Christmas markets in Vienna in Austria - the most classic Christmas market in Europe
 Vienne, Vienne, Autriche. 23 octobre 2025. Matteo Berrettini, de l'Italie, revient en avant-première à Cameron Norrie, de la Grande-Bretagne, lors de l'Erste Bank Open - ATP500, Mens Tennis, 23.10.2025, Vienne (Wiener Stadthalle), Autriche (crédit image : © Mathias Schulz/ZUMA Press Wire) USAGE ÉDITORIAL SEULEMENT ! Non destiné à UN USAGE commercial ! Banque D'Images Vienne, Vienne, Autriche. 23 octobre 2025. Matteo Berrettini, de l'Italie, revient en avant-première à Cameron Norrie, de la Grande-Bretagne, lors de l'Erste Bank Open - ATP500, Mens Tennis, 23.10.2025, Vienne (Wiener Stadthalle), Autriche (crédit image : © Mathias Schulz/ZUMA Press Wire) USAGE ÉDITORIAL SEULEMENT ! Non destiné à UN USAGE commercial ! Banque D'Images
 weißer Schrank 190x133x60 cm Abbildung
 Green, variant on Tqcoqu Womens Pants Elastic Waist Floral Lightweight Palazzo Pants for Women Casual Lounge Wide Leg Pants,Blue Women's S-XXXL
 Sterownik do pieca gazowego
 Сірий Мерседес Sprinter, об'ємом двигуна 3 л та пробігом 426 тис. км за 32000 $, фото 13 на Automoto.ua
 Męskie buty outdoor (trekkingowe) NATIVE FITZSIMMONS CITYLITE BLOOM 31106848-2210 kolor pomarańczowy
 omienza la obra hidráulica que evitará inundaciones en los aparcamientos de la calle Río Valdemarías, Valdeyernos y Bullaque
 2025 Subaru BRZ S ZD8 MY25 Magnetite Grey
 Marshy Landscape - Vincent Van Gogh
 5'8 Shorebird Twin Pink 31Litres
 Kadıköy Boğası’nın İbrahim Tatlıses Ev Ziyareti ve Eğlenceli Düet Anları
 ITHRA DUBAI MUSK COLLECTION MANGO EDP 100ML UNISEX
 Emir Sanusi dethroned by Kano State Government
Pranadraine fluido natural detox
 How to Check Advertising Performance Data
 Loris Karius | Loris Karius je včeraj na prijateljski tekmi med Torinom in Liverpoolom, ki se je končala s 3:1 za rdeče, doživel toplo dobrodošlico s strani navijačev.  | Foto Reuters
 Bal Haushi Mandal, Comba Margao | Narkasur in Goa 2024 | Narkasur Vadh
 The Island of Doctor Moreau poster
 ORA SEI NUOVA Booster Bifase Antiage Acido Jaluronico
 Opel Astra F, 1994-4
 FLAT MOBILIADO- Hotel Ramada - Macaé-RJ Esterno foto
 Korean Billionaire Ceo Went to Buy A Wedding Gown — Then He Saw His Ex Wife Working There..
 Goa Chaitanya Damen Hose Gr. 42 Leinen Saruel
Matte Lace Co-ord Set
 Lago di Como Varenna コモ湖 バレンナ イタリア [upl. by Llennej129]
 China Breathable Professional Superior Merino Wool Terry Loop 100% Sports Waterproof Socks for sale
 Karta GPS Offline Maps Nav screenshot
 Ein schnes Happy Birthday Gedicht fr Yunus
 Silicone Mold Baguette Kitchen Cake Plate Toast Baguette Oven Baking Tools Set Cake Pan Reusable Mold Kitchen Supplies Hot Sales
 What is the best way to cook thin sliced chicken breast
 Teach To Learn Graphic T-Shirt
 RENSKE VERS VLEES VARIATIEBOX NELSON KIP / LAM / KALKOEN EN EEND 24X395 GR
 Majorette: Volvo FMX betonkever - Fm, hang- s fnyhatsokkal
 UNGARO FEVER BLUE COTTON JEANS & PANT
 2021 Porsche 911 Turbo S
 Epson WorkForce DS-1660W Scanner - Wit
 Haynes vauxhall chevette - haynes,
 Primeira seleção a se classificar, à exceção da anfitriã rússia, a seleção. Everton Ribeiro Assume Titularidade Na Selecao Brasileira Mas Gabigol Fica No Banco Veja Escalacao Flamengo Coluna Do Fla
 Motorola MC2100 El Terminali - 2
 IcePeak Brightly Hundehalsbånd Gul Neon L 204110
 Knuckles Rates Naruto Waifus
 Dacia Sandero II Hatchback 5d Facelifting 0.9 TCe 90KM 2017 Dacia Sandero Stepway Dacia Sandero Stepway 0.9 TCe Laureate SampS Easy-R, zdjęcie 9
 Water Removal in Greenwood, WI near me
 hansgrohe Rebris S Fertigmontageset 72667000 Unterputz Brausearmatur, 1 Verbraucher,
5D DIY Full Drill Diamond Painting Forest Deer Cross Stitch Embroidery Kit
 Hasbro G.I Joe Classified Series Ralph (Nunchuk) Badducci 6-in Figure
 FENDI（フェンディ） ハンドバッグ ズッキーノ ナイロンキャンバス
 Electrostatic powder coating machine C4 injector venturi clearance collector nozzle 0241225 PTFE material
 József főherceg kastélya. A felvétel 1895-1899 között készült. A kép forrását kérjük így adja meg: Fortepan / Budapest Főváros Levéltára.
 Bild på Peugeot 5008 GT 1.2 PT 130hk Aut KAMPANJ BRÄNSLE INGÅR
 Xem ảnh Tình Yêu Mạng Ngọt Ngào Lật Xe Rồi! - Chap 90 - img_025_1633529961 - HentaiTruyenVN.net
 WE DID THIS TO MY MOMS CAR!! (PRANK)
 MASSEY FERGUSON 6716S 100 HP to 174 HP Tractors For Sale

§ §

◆ **Work to complete**
Please give back all of the data exactly as it appears.

◆ **Response**
Christmas markets in Vienna in Austria - the most classic Christmas market in Europe
 Vienne, Vienne, Autriche. 23 octobre 2025. Matteo Berrettini, de l'Italie, revient en avant-première à Cameron Norrie, de la Grande-Bretagne, lors de l'Erste Bank Open - ATP500, Mens Tennis, 23.10.2025, Vienne (Wiener Stadthalle), Autriche (crédit image : © Mathias Schulz/ZUMA Press Wire) USAGE ÉDITORIAL SEULEMENT ! Non destiné à UN USAGE commercial ! Banque D'Images Vienne, Vienne, Autriche. 23 octobre 2025. Matteo Berrettini, de l'Italie, revient en avant-première à Cameron Norrie, de la Grande-Bretagne, lors de l'Erste Bank Open - ATP500, Mens Tennis, 23.10.2025, Vienne (Wiener Stadthalle), Autriche (crédit image : © Mathias Schulz/ZUMA Press Wire) USAGE ÉDITORIAL SEULEMENT ! Non destiné à UN USAGE commercial ! Banque D'Images
 weißer Schrank 190x133x60 cm Abbildung
 Green, variant on Tqcoqu Womens Pants Elastic Waist Floral Lightweight Palazzo Pants for Women Casual Lounge Wide Leg Pants,Blue Women's S-XXXL
 Sterownik do pieca gazowego
 Сірий Мерседес Sprinter, об'ємом двигуна 3 л та пробігом 426 тис. км за 32000 $, фото 13 на Automoto.ua
 Męskie buty outdoor (trekkingowe) NATIVE FITZSIMMONS CITYLITE BLOOM 31106848-2210 kolor pomarańczowy
 omienza la obra hidráulica que evitará inundaciones en los aparcamientos de la calle Río Valdemarías, Valdeyernos y Bullaque
 2025 Subaru BRZ S ZD8 MY25 Magnetite Grey
 Marshy Landscape - Vincent Van Gogh
 5'8 Shorebird Twin Pink 31Litres
 Kadıköy Boğası’nın İbrahim Tatlıses Ev Ziyareti ve Eğlenceli Düet Anları
 ITHRA DUBAI MUSK COLLECTION MANGO EDP 100ML UNISEX
 Emir Sanusi dethroned by Kano State Government
Pranadraine fluido natural detox
 How to Check Advertising Performance Data
 Loris Karius | Loris Karius je včeraj na prijateljski tekmi med Torinom in Liverpoolom, ki se je končala s 3:1 za rdeče, doživel toplo dobrodošlico s strani navijačev.  | Foto Reuters
 Bal Haushi Mandal, Comba Margao | Narkasur in Goa 2024 | Narkasur Vadh
 The Island of Doctor Moreau poster
 ORA SEI NUOVA Booster Bifase Antiage Acido Jaluronico
 Opel Astra F, 1994-4
 FLAT MOBILIADO- Hotel Ramada - Macaé-RJ Esterno foto
 Korean Billionaire Ceo Went to Buy A Wedding Gown — Then He Saw His Ex Wife Working There..
 Goa Chaitanya Damen Hose Gr. 42 Leinen Saruel
Matte Lace Co-ord Set
 Lago di Como Varenna コモ湖 バレンナ イタリア [upl. by Llennej129]
 China Breathable Professional Superior Merino Wool Terry Loop 100% Sports Waterproof Socks for sale
 Karta GPS Offline Maps Nav screenshot
 Ein schnes Happy Birthday Gedicht fr Yunus
 Silicone Mold Baguette Kitchen Cake Plate Toast Baguette Oven Baking Tools Set Cake Pan Reusable Mold Kitchen Supplies Hot Sales
 What is the best way to cook thin sliced chicken breast
 Teach To Learn Graphic T-Shirt
 RENSKE VERS VLEES VARIATIEBOX NELSON KIP / LAM / KALKOEN EN EEND 24X395 GR
 Majorette: Volvo FMX betonkever - Fm, hang- s fnyhatsokkal
 UNGARO FEVER BLUE COTTON JEANS & PANT
 2021 Porsche 911 Turbo S
 Epson WorkForce DS-1660W Scanner - Wit
 Haynes vauxhall chevette - haynes,
 Primeira seleção a se classificar, à exceção da anfitriã rússia, a seleção. Everton Ribeiro Assume Titularidade Na Selecao Brasileira Mas Gabigol Fica No Banco Veja Escalacao Flamengo Coluna Do Fla
 Motorola MC2100 El Terminali - 2
 IcePeak Brightly Hundehalsbånd Gul Neon L 204110
 Knuckles Rates Naruto Waifus
 Dacia Sandero II Hatchback 5d Facelifting 0.9 TCe 90KM 2017 Dacia Sandero Stepway Dacia Sandero Stepway 0.9 TCe Laureate SampS Easy-R, zdjęcie 9
 Water Removal in Greenwood, WI near me
 hansgrohe Rebris S Fertigmontageset 72667000 Unterputz Brausearmatur, 1 Verbraucher,
5D DIY Full Drill Diamond Painting Forest Deer Cross Stitch Embroidery Kit
 Hasbro G.I Joe Classified Series Ralph (Nunchuk) Badducci 6-in Figure
 FENDI（フェンディ） ハンドバッグ ズッキーノ ナイロンキャンバス
 Electrostatic powder coating machine C4 injector venturi clearance collector nozzle 0241225 PTFE material
 József főherceg kastélya. A felvétel 1895-1899 között készült. A kép forrását kérjük így adja meg: Fortepan / Budapest Főváros Levéltára.
 Bild på Peugeot 5008 GT 1.2 PT 130hk Aut KAMPANJ BRÄNSLE INGÅR
 Xem ảnh Tình Yêu Mạng Ngọt Ngào Lật Xe Rồi! - Chap 90 - img_025_1633529961 - HentaiTruyenVN.net
 WE DID THIS TO MY MOMS CAR!! (PRANK)
 MASSEY FERGUSON 6716S 100 HP to 174 HP Tractors For Sale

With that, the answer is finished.